Des voix s’élèvent du côté de certains pouvoirs publics pour faire payer la crise à la population avec, par exemple, le lancement de crowdfunding. Ce type de financement relève cependant d’un mix entre optimisation fiscale pour les entreprises et une forme de charité ciblée sur quelques projets. Nous insistons sur le fait qu’il est nécessaire d’obtenir des solutions structurelles et des sources de financement pérennes tant la culture était déjà en situation précaire. Ces financements devront être portés par les épaules les plus larges de notre pays. Nous pensons aux multinationales, notamment aux GAFAM (Google, Apple, Facebook, Amazon, Microsoft), et aux multimillionnaires.
Certains pays ont déjà pris des mesures fortes pour soutenir les travailleurs et travailleuses de la culture. En Norvège par exemple, une mesure a été prise l’année dernière déjà pour indemniser les freelances sur la base de leurs revenus. Ce type de protection pourrait également être introduit ici.
L’Allemagne, quant à elle, a dégagé un budget de 50 milliards d’euros pour venir en aide au secteur culturel. Si ce montant était ramené à la population de la Fédération Wallonie-Bruxelles ou de la Belgique, on parlerait respectivement de 2,6 ou 6,9 milliards d’euros. On est loin du compte. À ce jour, et pas seulement en termes financiers, aucune réponse concrète suffisante n’a été apportée par les pouvoirs publics aux demandes des acteurs et actrices de la culture.
Pour soutenir le secteur culturel en Belgique, nous défendons la mise en place par les pouvoirs publics de 5 mesures d’urgence :
– La création d’un système en ligne, unique et centralisé, pour que les artistes, technicien.nes et associations du secteur culturel puissent enregistrer leurs pertes financières.
– Immuniser le statut d’artiste, c’est-à-dire prendre en compte les prestations annulées pour le renouvellement et l’octroi du statut d’artiste et, de manière plus large, empêcher toutes les sanctions de l’ONEM pour les demandeurs et demandeuses d’emploi durant la crise sanitaire.
– Élargir le chômage temporaire pour force majeure à tous les travailleurs et travailleuses sans exception, en prenant en compte les spécificités liées au secteur (intermittence, contrats très courts et signés tardivement), afin que personne ne soit laissé sur le carreau.
– Mettre en place un fonds de solidarité exceptionnel pour couvrir les pertes de tous les travailleurs et travailleuses de la culture à hauteur de 100 % de leurs revenus qu’ils soient employé.es, artistes ou freelances.
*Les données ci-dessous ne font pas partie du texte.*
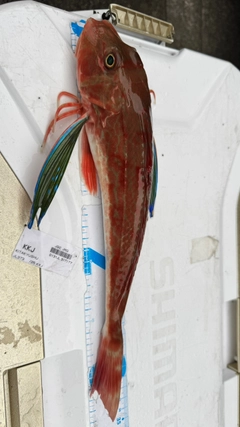 ホウボウの釣果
Nous proposons un revenu minimum supérieur au seuil de pauvreté et un plafond équivalent au salaire moyen.
– Créer une cellule d’accompagnement, de conseil et de soutien administratif et juridique pour les travailleurs et travailleuses ainsi que les petites structures du secteur culturel.
Au-delà de la crise
Enfin, les signataires de cet appel demandent que les mesures qui seront prises pour faire face à l’urgence soient pérennisées au-delà de la crise pour permettre aux travailleurs et travailleuses de la culture d’obtenir un véritable statut et une plus grande sécurité d’emploi à l’instar des travailleurs et travailleuses d’autres secteurs.